Menuju Masjid adalah perjalanan yang sangat berharga. Para “Keluarga Allah” ini telah menanggalkan dosa dan melangitkan derajat di sisi Rabbnya, bahkan sejak mengayunkan dua langkah pertama.

“Barang siapa bersuci dari rumahnya kemudian berjalan menuju salah satu rumah di antara rumah-rumah Allah untuk menunaikan suatu fardhu dari kewajiban-kewajiban yang diperintahkan Allah,”begitu titah Nabi Shallallahu ‘Alaihi wa Sallam sebagaimana dikemukakan oleh Imam Muslim, “maka salah satu langkah dari kedua kakinya akan menghapus kesalahannya dan langkah lainnya akan meninggikannya satu derajat.”

Lapis-lapis keberkahan itu berlanjut ketika mereka sampai ke Masjid.

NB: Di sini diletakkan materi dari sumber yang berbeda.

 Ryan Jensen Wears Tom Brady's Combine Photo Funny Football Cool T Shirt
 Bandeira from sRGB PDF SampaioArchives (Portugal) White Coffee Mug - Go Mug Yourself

Dalam Shahihain tercantum sabda Sang Nabi bahwa ganjaran shalat bagi yang menunaikannya di Masjid dilipatkan hingga 27 derajat. Kemudian, penantian terindah adalah menunggu shalat dari selesainya suatu shalat. Pada saat itu, para “keluarga Allah” ini tak henti terhitung sedang shalat, dan malaikat terus menerus berucap, “Allahumma Shalli ‘Alaihi Allahummarhamhu. Ya Allah, limpahkan kebaikan sempurna kepadanya. Ya Allah, sayangi dia.”

Lapis-lapis keberkahan Masjid berlanjut dengan majelis ilmu yang ada disana, ketika firman Allah dihayati di rumah Allah oleh para “keluarga Allah”.

“Tidaklah suatu kaum berhimpun di satu rumah di antara rumah-rumah Allah,” ujar Rasulullah dalam hadits yang diriwayatkan oleh Imam Muslim, Ahmad, dan Ibn Majah, “mereka membaca kitab Allah dan mengkajinya di antara mereka, melainkan rahmat akan dicurahkan kepada mereka, para malaikat menaungkan sayap-sayapnya, ketentraman turun pada yang duduk disana, dan Allah menyebut-nyebut nama-nama mereka semua dengan bangga pada kalangan makhluq-makhluq mulia di sisi-Nya.”

Curahan rahmat, betapa memuncak nikmat. Naungan sayap malaikat, betapa pembelaan dahsyat. Turunnya sakinah, betapa ketentraman indah. Disebut-sebut Allah, betapa bangga meruah.

Dan ketika hati terpaut pada rumah-Nya, di lapis-lapis keberkahan Dia menjaminkan perlindungan yang tak dapat disediakan, kecuali oleh-Nya.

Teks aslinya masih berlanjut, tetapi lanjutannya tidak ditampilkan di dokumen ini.